Hustlers(2019年製作の映画)
鑑賞:2021.1.3 記事公開:2021.5.15
監督・脚本:ローリーン・スカファリア

賑やかな感じなのでお正月にはいいかと思って鑑賞。


ストリッパーたちが嫌な金持ちを罠にはめてザマーミロみたいなエンタメ系かと思ってたけど全然違った。

映画はかなり良かった。
ある事件をインタビュー形式で回顧的に語るテイの作品だけど、とにかくストリッパーたちが魅力的だった。
本当にそういう人たちがそこに居るように見えた。演技もすごいしそれを可能にした演出も凄い。
最近は社会的なテーマに一方的な価値観をレッテル張りするのではなく、極力状況を描写するだけにするアプローチがみんな上手で驚く。
(この作品もストリッパーたちを嫌いになることはないので、完璧に客観というわけではないけど)
最後のインタビューを受けているデスティニーがいい家に住んでてラモーナが事務机で地味な服をきているのを説明しないところも、色々と想像させられてしまうし泣けてくる。そういう見せ方があちこちにされているんだろうと思う。
とにかく登場人物が皆生き生きとしていて良い映画だった。
ローリーン・スカファリア監督の他の作品も見て見たい。

企画意図
原作は「ニューヨーク・マガジン」に掲載されたストリッパーによる事件の記事。
いけ好かない金持ちからセクシーな女性が大金を巻き上げたという、下世話ゆえ注目キーワードの塊のような事件でどう作ってもそれなりに注目されそうな題材。
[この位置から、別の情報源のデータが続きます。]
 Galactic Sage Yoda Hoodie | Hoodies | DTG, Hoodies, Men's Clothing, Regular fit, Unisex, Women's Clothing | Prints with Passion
ただし「ニューヨーク・マガジン」ということもありインテリジェンスや文化的な匂いも醸し出し下品なイメージも高くない。これだけ見ると鉄板そう。製作陣にはコメディ俳優のウィル・フェレル、コメディ畑から社会派へ華麗に転身中のアダム・マッケイ監督の名前が見える。役者から監督もやるようになった監督作としては3作目のローリーン・スカファリアさんもコメディよりの人みたい。
アプローチは元記事に倣ってインタビュー表現を中心に回顧録的アプローチ。見せたっかったのはリアルなストリッパーたちの姿。そこに監督の女性目線で浮かび上がる女性たち。

見どころ
役者や画面、音楽、展開などなどどれもレベルが高い。
作品として、他を圧倒する部分はやはりリアルなストリッパーの舞台裏と、エスカレートしてゆくスリリングな犯罪サスペンス。何より、記者も監督も女性である故か、通り一遍のストリッパー像ではなく、母であり娘であり貧困者であり、事情を抱えつつ楽しく辛く見えを張り贅沢を楽しみ笑い嘘をつき生きている女性たちが魅力的なところだと思う。
犯罪の良し悪し、成功者か否かに焦点が合ってないのも、事件よりはそこにいる女性をフォーカスしたいからだとおもう。